The result is writings on the Ainu and writings on the settlers form a pair of parallel lines. But what does this accomplish? What effect does it have?
The effect is that these texts disconnect the Indigenous people from their land. This both neutralizes the question of the morality of colonialism (a question that should be taken seriously when analyzing historical writings). This may very well have had a reassuring effect for settlers in Hokkaido while it literally pulled the Ainu out of history (with a capital "h"). The Ainu are rendered timeless, landless, and miserably primitive without the spiritual, cultural, or material means to elevate themselves. Their suffering is, according to these texts, not a material effect of settler colonialism, but simply based on their inability to progress collectively as a race.

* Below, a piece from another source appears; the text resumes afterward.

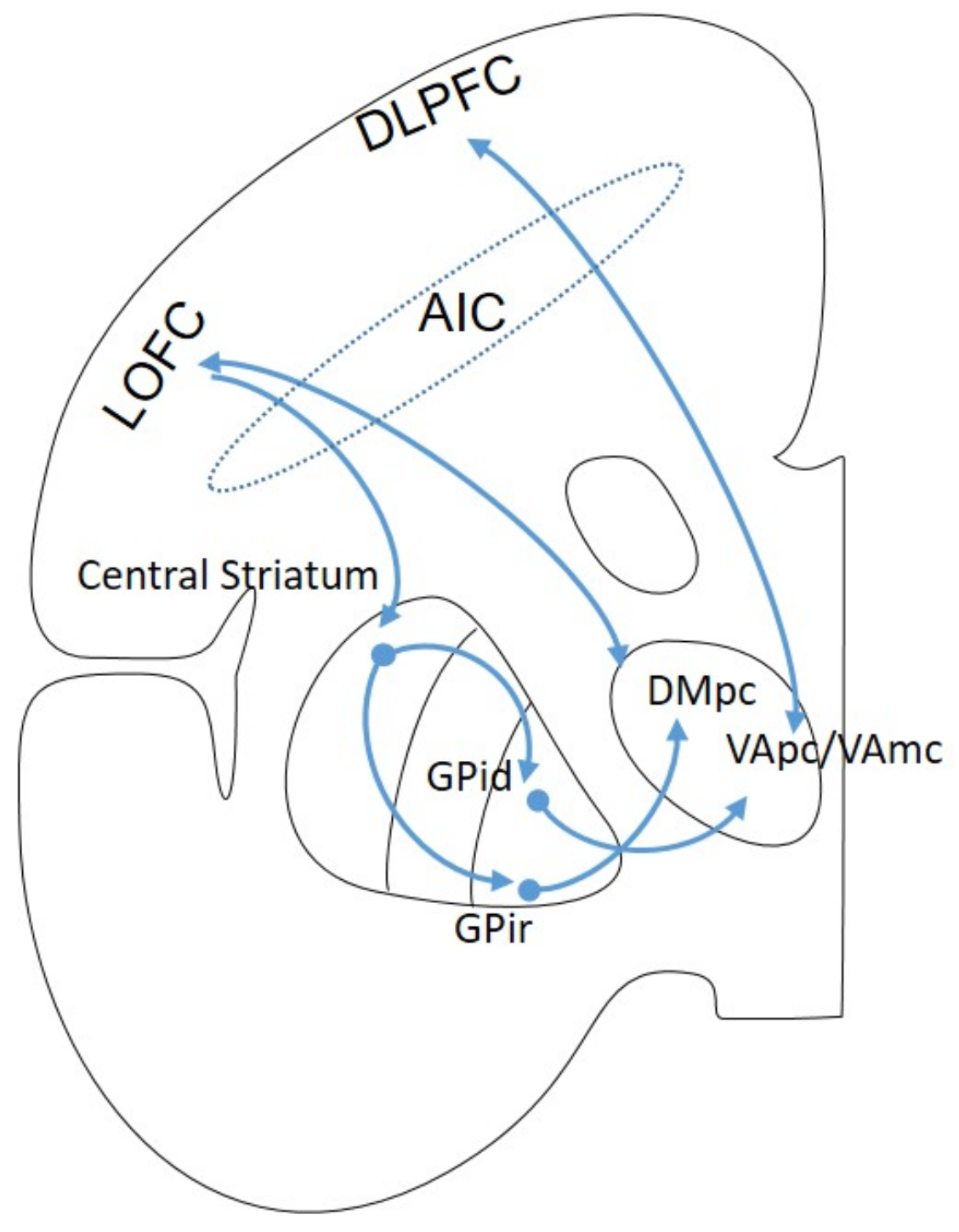 Brainsci 13 00943 g004
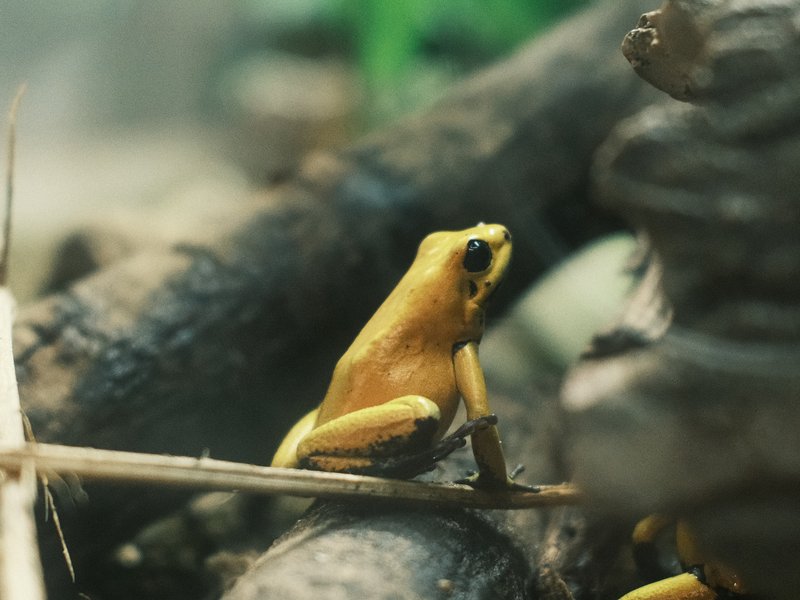 A close-up of a yellow frog perched on a branch among twigs and foliage.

This discourse, as Lorenzo Veracini writes, takes many forms in settler colonies throughout the global history of settler colonialism, and is by no means unique to Japan. The process of imagining Indigenous people as non-existent has obvious genocidal implications while it reinforces the romanic pioneering myth, or bringing industry and progress to a waste land. This myth seems to simply slip off the tongue, and is seen again and again in official documents and popular discourse alike. But, is there not an element of it which is self-consciously systematic and persistent. What are the roots of this discourse of Hokkaido as "unpeopled", besides, presumably, wishful thinking? It's clear who is benefited and who is disbenefited by it, but how does a discourse like this develop?